I couldn’t remember its title – so went to my shelf of logging books. There I found my copy of It’s Lonely At The Top, Narrow Gauge Logging in California’s Lake County (2008) by David J. Morgan, with commentary by David W. Braun. Lake County is in Northern California, and for many years local railroad lore said there was never a steam railroad in the county. However, according to this book, the W.W. Prather Lumber Company once operated a small Heisler in Lake County. And in 1941, the locomotive was found there, saved by a group of railfans, and moved south to Los Gatos, Calif. There, for many years, it sat on a short length of track at Billy Jones’ 15- inch gauge railroad. Eventually restored, the Heisler went back to Northern California to operate on Hal Wilmunder’s Antalope & Western Railroad, and later on the Camino, Cable & Northern. I believe this Heisler is now at the California State Railroad Museum in Sacramento. If so, let’s hope we will see it at the Thirtyninth Narrow Gauge Convention to be held there in September.
But — back to that switcher built on a passenger car truck. It seems that when Mr. Prather was starting his logging operation, he needed some inexpensive equipment. When he found that the Northwestern Pacific was re-gauging from 3-foot to standard gauge, the line’s Sausalito yard was full of 3-foot gauge equipment to be had “on the cheap.” So, he bought two Barney & Smith vintage passenger cars, and two Carter Brothers cars. He removed the trucks, took them to his logging site, added tie rods to strengthen them, and coupled them together with long poles called “roosters.” This gave him four pairs of disconnected log trucks.

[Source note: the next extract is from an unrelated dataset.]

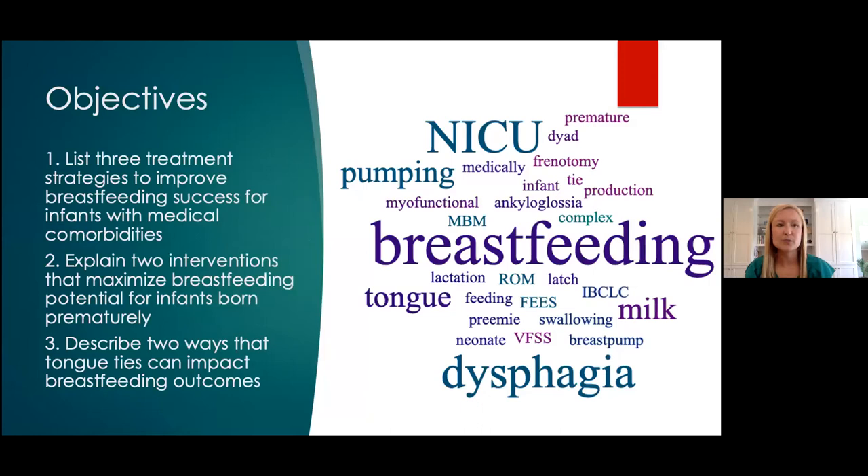For our objectives, by the end of today's lecture, attendees will be able to list three treatment strategies to improve breastfeeding success with infants with medical comorbidities. This includes our hospitalized infants such as those within the neonatal intensive care unit, the pediatric intensive care unit, as well as infants in early intervention, NICU follow-up clinic, and even regular outpatient. Participants will be able to explain two interventions to maximize breastfeeding potential for infants born prematurely. The last section of our talk will be about tongue tie, and we will be sure that you can describe two ways that tongue ties can impact breastfeeding outcomes.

But what about a locomotive? In that cobweb of memory, I imagined a gas switcher based on a passenger truck. But, I was wrong. Prather had his blacksmith attach the pedestals, and springs from a passenger truck to a frame of steel U-channels. Then he mounted the superstructure and engine from an International Model 8-16 tractor. You can see one of these tractors at the Heidrick AG History Center in Woodland, Calif., when you come to the Narrow Gauge Convention next September. Oh, by the way, did I mention that interesting little Lonely at the Top book has a plan for this little switcher?
Anyway, it quickly became evident that I could never hide the converted Walthers HO Plymouth Diesel ML-8 under some sort of tractor. So, after trying several ideas, I gave up and decided to just use it to build a steam crane. I just freelanced, not worrying about a prototype, and raided my scrapbox for parts. I found a Bachmann donkey engine and a pair of Grandt Line On3 passenger trucks. I built a wood deck on my converted Walthers Diesel mechanism, made a cover over the decoder, framed up the cabin of the crane, and added individual strips of pre-colored wood on its sides and ends.
The roof was cut from sheet basswood (see Wondercutter review, page 13), and covered with “tarpaper.” I had to cut the Bachmann boiler way down, and mount it on the cover over the decoder so it sticks out of the roof. The cylinders had to be cut off the Bachmann winch so it would fit inside my cabin. The crane’s boom is stripwood with some odds and ends of detail parts, and I ran a chain over the pulley at the top of the boom. I had to hide the butchery on the boiler with a piece of tissue paper to represent a canvas curtain. The last step was to ACC one Grandt Line passenger truck side frame on each side of my mechanism where it just fit.
So, Gary, there you have it — a smooth-running little steam crane! But, I wish it were smaller. Maybe those cobwebs will clear, and I’ll find an even smaller prototype.